Please print each of the entries below exactly.

-- Opening Marker --

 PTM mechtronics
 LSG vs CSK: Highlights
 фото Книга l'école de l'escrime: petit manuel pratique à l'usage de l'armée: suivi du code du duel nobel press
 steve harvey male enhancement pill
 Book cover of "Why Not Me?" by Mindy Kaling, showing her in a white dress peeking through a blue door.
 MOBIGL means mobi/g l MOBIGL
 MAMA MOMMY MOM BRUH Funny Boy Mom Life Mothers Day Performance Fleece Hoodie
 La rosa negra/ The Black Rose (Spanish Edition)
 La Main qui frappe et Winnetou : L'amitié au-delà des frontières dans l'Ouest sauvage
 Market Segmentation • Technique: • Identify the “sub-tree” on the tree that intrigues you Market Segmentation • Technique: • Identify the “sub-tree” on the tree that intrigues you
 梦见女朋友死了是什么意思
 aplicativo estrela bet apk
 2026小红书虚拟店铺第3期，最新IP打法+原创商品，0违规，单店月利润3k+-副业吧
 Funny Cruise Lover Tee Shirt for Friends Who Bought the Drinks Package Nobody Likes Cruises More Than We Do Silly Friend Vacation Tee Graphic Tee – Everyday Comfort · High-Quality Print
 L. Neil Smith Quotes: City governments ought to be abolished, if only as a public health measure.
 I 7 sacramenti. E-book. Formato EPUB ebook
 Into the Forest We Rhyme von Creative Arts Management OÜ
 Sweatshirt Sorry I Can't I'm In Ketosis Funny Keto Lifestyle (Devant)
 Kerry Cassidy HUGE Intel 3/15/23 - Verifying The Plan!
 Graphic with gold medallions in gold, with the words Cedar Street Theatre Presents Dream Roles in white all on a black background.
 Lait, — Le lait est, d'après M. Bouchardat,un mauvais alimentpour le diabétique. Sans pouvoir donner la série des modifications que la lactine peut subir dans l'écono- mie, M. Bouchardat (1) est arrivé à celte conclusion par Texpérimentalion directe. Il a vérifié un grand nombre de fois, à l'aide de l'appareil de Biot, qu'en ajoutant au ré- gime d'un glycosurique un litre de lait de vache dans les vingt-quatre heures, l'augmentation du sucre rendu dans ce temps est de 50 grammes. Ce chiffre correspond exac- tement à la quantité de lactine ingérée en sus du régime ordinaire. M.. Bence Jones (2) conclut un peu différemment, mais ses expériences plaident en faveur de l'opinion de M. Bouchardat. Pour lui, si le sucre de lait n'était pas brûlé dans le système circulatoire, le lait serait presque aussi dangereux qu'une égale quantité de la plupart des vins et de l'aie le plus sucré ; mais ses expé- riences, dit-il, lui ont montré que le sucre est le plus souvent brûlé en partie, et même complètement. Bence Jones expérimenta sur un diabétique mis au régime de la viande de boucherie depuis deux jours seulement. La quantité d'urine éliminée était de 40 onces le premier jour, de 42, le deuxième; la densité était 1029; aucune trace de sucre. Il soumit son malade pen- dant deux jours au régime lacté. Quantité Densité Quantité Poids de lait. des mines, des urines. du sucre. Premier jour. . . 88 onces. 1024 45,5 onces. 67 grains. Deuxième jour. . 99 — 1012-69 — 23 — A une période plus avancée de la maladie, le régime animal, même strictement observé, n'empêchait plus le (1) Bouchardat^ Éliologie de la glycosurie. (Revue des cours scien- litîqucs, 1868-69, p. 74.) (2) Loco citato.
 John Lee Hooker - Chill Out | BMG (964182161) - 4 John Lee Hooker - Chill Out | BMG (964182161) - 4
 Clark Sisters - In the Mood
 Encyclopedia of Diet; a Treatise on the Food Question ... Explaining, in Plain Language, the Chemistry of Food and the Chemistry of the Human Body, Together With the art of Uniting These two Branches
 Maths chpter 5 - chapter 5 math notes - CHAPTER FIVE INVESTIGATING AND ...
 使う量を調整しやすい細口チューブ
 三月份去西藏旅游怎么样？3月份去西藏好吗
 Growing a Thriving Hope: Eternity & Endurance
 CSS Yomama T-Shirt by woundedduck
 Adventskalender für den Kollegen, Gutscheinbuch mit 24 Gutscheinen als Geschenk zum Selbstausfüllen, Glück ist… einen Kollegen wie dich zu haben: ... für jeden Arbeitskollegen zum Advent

-- Closing Marker --

**ANSWER:**
 PTM mechtronics
 LSG vs CSK: Highlights
 фото Книга l'école de l'escrime: petit manuel pratique à l'usage de l'armée: suivi du code du duel nobel press
 steve harvey male enhancement pill
 Book cover of "Why Not Me?" by Mindy Kaling, showing her in a white dress peeking through a blue door.
 MOBIGL means mobi/g l MOBIGL
 MAMA MOMMY MOM BRUH Funny Boy Mom Life Mothers Day Performance Fleece Hoodie
 La rosa negra/ The Black Rose (Spanish Edition)
 La Main qui frappe et Winnetou : L'amitié au-delà des frontières dans l'Ouest sauvage
 Market Segmentation • Technique: • Identify the “sub-tree” on the tree that intrigues you Market Segmentation • Technique: • Identify the “sub-tree” on the tree that intrigues you
 梦见女朋友死了是什么意思
 aplicativo estrela bet apk
 2026小红书虚拟店铺第3期，最新IP打法+原创商品，0违规，单店月利润3k+-副业吧
 Funny Cruise Lover Tee Shirt for Friends Who Bought the Drinks Package Nobody Likes Cruises More Than We Do Silly Friend Vacation Tee Graphic Tee – Everyday Comfort · High-Quality Print
 L. Neil Smith Quotes: City governments ought to be abolished, if only as a public health measure.
 I 7 sacramenti. E-book. Formato EPUB ebook
 Into the Forest We Rhyme von Creative Arts Management OÜ
 Sweatshirt Sorry I Can't I'm In Ketosis Funny Keto Lifestyle (Devant)
 Kerry Cassidy HUGE Intel 3/15/23 - Verifying The Plan!
 Graphic with gold medallions in gold, with the words Cedar Street Theatre Presents Dream Roles in white all on a black background.
 Lait, — Le lait est, d'après M. Bouchardat,un mauvais alimentpour le diabétique. Sans pouvoir donner la série des modifications que la lactine peut subir dans l'écono- mie, M. Bouchardat (1) est arrivé à celte conclusion par Texpérimentalion directe. Il a vérifié un grand nombre de fois, à l'aide de l'appareil de Biot, qu'en ajoutant au ré- gime d'un glycosurique un litre de lait de vache dans les vingt-quatre heures, l'augmentation du sucre rendu dans ce temps est de 50 grammes. Ce chiffre correspond exac- tement à la quantité de lactine ingérée en sus du régime ordinaire. M.. Bence Jones (2) conclut un peu différemment, mais ses expériences plaident en faveur de l'opinion de M. Bouchardat. Pour lui, si le sucre de lait n'était pas brûlé dans le système circulatoire, le lait serait presque aussi dangereux qu'une égale quantité de la plupart des vins et de l'aie le plus sucré ; mais ses expé- riences, dit-il, lui ont montré que le sucre est le plus souvent brûlé en partie, et même complètement. Bence Jones expérimenta sur un diabétique mis au régime de la viande de boucherie depuis deux jours seulement. La quantité d'urine éliminée était de 40 onces le premier jour, de 42, le deuxième; la densité était 1029; aucune trace de sucre. Il soumit son malade pen- dant deux jours au régime lacté. Quantité Densité Quantité Poids de lait. des mines, des urines. du sucre. Premier jour. . . 88 onces. 1024 45,5 onces. 67 grains. Deuxième jour. . 99 — 1012-69 — 23 — A une période plus avancée de la maladie, le régime animal, même strictement observé, n'empêchait plus le (1) Bouchardat^ Éliologie de la glycosurie. (Revue des cours scien- litîqucs, 1868-69, p. 74.) (2) Loco citato.
 John Lee Hooker - Chill Out | BMG (964182161) - 4 John Lee Hooker - Chill Out | BMG (964182161) - 4
 Clark Sisters - In the Mood
 Encyclopedia of Diet; a Treatise on the Food Question ... Explaining, in Plain Language, the Chemistry of Food and the Chemistry of the Human Body, Together With the art of Uniting These two Branches
 Maths chpter 5 - chapter 5 math notes - CHAPTER FIVE INVESTIGATING AND ...
 使う量を調整しやすい細口チューブ
 三月份去西藏旅游怎么样？3月份去西藏好吗
 Growing a Thriving Hope: Eternity & Endurance
 CSS Yomama T-Shirt by woundedduck
 Adventskalender für den Kollegen, Gutscheinbuch mit 24 Gutscheinen als Geschenk zum Selbstausfüllen, Glück ist… einen Kollegen wie dich zu haben: ... für jeden Arbeitskollegen zum Advent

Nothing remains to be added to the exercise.